### WHAT YOU WILL DO
Reproduce the entries below exactly, but only from the line containing "Greesum 100 Gallon" to the line containing "SANDISK microSDHC Ultra", inclusive.

(Brief descriptive captions)
════════════════════

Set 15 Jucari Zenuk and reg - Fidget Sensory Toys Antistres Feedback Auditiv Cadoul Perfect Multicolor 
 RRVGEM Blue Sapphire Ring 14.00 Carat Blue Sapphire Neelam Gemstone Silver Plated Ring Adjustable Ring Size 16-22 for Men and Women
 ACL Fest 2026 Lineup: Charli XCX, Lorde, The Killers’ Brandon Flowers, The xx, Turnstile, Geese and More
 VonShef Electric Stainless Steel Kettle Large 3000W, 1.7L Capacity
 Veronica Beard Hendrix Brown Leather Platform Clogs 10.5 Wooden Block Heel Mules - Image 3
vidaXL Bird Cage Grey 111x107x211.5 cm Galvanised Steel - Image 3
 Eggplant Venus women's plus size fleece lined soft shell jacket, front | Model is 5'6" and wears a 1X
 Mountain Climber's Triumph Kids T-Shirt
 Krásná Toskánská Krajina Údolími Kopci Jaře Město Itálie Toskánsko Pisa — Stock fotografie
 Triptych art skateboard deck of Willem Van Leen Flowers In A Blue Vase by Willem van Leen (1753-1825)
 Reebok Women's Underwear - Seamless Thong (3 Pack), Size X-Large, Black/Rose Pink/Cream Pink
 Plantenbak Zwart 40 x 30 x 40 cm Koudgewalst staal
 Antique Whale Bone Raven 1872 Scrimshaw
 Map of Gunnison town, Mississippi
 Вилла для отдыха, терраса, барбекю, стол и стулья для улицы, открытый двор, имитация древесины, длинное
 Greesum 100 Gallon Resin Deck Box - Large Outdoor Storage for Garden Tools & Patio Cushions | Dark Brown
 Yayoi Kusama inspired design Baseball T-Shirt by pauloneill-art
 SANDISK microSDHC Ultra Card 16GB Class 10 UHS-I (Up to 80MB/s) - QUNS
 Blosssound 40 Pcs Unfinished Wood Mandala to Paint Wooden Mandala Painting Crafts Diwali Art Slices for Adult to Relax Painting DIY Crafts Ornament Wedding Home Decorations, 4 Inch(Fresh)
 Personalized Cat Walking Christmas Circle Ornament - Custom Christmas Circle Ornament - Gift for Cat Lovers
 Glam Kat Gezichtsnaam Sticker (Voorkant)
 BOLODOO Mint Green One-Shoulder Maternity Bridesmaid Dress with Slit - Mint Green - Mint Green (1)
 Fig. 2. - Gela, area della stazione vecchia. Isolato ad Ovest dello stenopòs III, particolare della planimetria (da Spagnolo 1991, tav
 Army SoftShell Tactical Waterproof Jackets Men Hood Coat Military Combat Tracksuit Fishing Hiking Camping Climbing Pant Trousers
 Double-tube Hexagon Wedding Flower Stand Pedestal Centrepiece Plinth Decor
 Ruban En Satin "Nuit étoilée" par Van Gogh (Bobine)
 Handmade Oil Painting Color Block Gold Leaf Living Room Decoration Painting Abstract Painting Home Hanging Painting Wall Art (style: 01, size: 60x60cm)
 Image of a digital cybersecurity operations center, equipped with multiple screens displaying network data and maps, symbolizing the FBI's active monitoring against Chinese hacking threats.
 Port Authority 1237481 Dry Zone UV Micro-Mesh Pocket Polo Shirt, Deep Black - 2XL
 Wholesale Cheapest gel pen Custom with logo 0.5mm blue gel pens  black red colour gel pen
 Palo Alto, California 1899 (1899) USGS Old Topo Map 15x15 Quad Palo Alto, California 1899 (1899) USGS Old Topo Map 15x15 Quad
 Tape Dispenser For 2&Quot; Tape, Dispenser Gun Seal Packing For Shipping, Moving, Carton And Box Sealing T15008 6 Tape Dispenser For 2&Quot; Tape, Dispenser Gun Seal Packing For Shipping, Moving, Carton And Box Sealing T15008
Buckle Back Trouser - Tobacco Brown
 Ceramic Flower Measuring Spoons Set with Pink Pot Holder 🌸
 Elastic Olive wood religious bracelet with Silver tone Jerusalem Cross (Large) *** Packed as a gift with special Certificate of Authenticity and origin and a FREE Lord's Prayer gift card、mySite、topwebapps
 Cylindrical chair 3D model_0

════════════════════

### ANSWER BOX
 Greesum 100 Gallon Resin Deck Box - Large Outdoor Storage for Garden Tools & Patio Cushions | Dark Brown
 Yayoi Kusama inspired design Baseball T-Shirt by pauloneill-art
 SANDISK microSDHC Ultra Card 16GB Class 10 UHS-I (Up to 80MB/s) - QUNS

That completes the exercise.